Page 355 - kdk_yillik_rapor2018
P. 355
TÜRKİYE BÜYÜK MİLLET MECLİSİ KAMU DENETÇİLİĞİ KURUMU
Cezasızlığı kavram olarak, Birleşmiş Milletler İnsan Hakları Komisyonunca
hazırlanan “Cezasızlıkla Mücadele İçin Eylem Yoluyla İnsan Haklarının Korunması
ve Desteklenmesine İlişkin Prensipler Set'inde” ve Avrupa Konseyi Bakanlar Komitesi
tarafından 30 Mart 2011 tarihinde, 1110. Bakan Yardımcıları toplantısında kabul
edilen “Ciddi İnsan Hakları İhlalleri Bakımından Cezasızlığın Sona Erdirilmesine
İlişkin Rehber İlkeler" de görmekteyiz.
“Yaşama hakkı”, “kişi hürriyeti ve güvenliği” ve “işkence ve kötü muamele yasağı”

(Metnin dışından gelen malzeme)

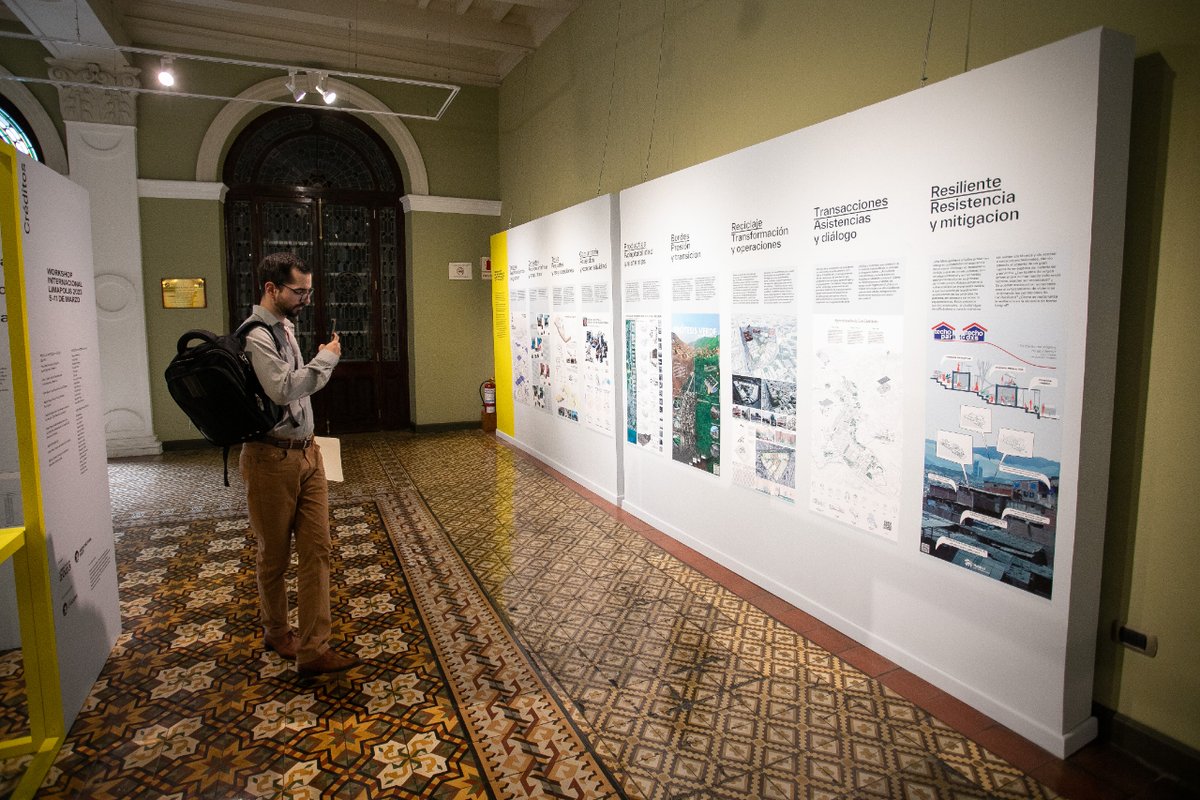 bienal_biau's tweet photo. La #XIIBIAU continúa su itinerancia en Perú con la exposición "XII BIAU Habitar al Margen" que se podrá visitar hasta el mes de mayo en Casa O’Higgins. 

La muestra fue inaugurada el pasado sábado como clausura del Workshop Internacional #LIMAPOLIS2023. https://t.co/hQQnXNnubX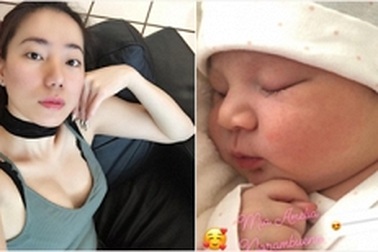 Chung Thục Quyên bất ngờ tiết lộ mới sinh em bé sau nhiều năm “ở ẩn”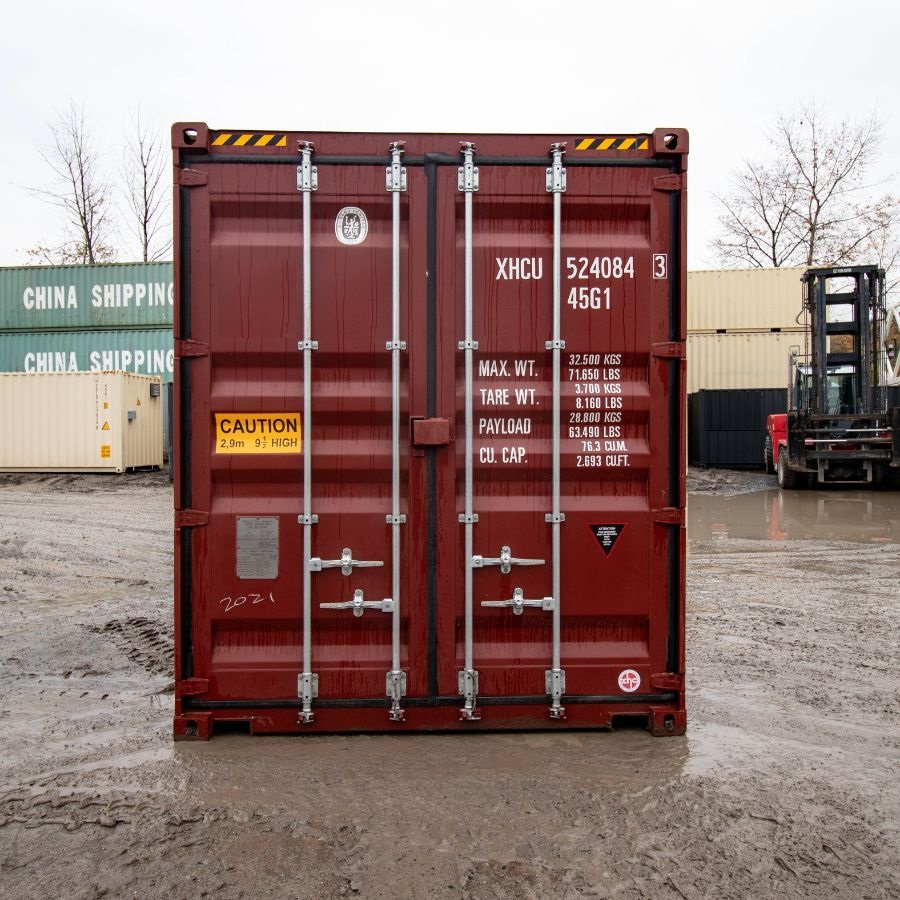30&rsquo;HC New Cut-Down Shipping Container - Container Express Services PTY LTD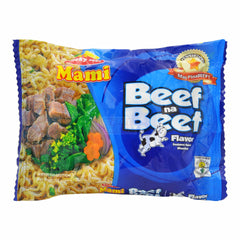 INSTANT MAMI NOODLES BEEF 72 x 55g LUCKY ME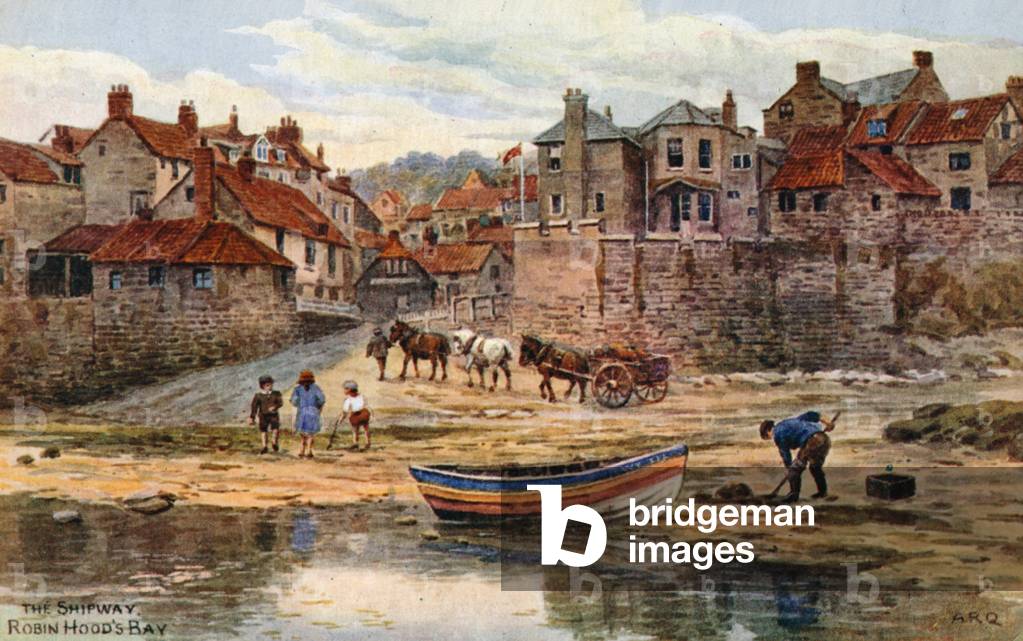 il Shipway, Robin Hood's Bay (colore lito)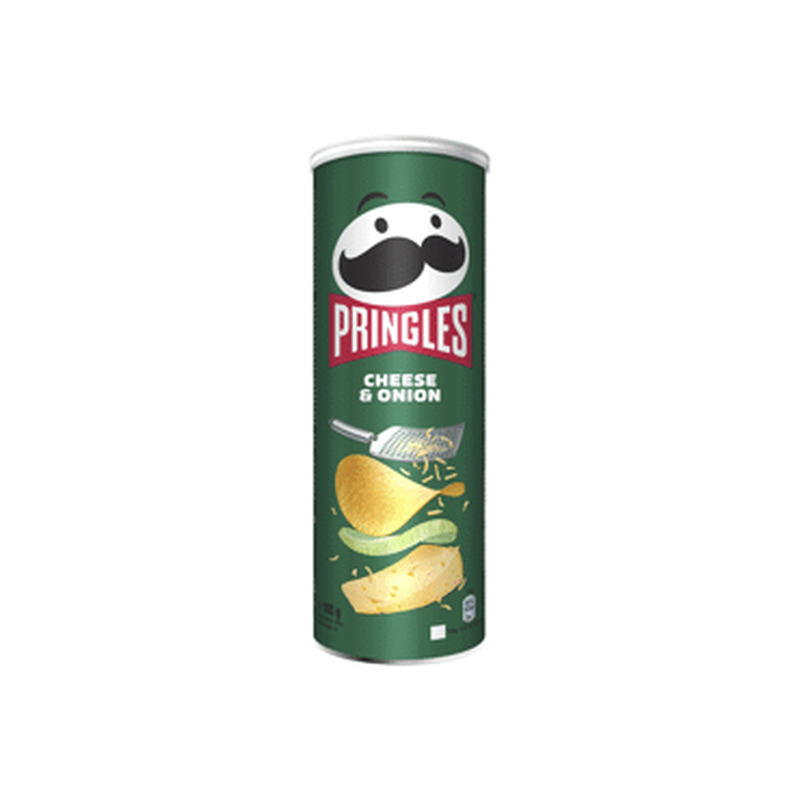 Krõpsud juustu-sib.maits.PRINGLES 165g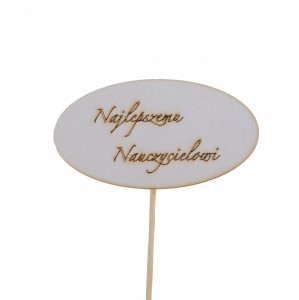 owal pik NAJLEPSZEMU NAUCZYCIELOWI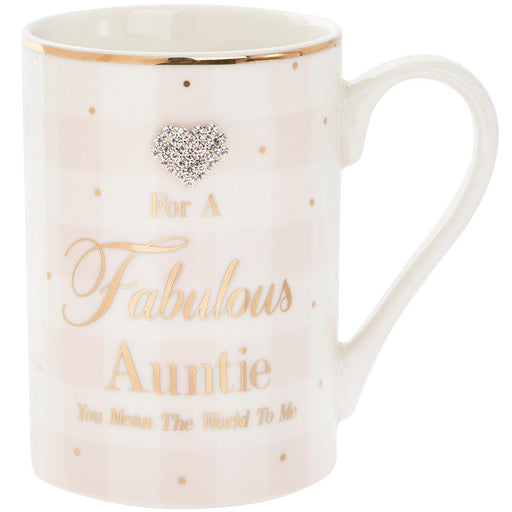 Mad Dots Fab Auntie Mug 5010792338651 only5pounds-com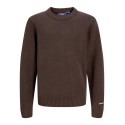 JACK & JONES JUNIOR Norrebro strik sweater - Mulch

konusunda yürütülecek hem idari hem de adli inceleme ve soruşturmaların niteliği
hususunda soruşturmanın bağımsızlığı, yürütülen soruşturmanın etkili bir şekilde
yapılması olarak tanımlanan yeterlilik, soruşturmanın derhal ve re’sen başlatılması ve
süratla sonuçlanması anlamında ivedilik, süreç ve karar verilmesi ile ilgili usullerde hesap
verilebilirliğin mümkün kılınması, saydamlık ve açıklığın sağlanması şeklinde açıklanan
kamu denetimi ve mağdurun sürece katılımı unsurları açısından değerlendirmelere tabi
tutulması gerektiği bilinmektedir.
6.10.1.4 “Kolluk Araması” Sırasında ve Sonrasında Yapılan Eylem ve
İşlemlerin Hukuka Aykırı Şekilde Gerçekleştirildiği İddiası
Başvuruda; avukat başvurucu tarafından, arkadaşı ile birlikte bulundukları bir
mekânda yapılan “önleyici kolluk araması” sırasında, müvekkili ve arkadaşına yapılan
üst aramasının hukuka aykırı şekilde gerçekleştirildiği, sonrasında polisin zor kullanma
yetkisini aşarak aşırı güç kullandığı, devamında haksız yere polis merkezine götürülerek
kişi hürriyeti ve güvenliğinin ihlal edildiği, bu sırada onur kırıcı davranış ile işkence ve
kötü muamelede bulunulduğu iddia ve şikâyet edilmiştir.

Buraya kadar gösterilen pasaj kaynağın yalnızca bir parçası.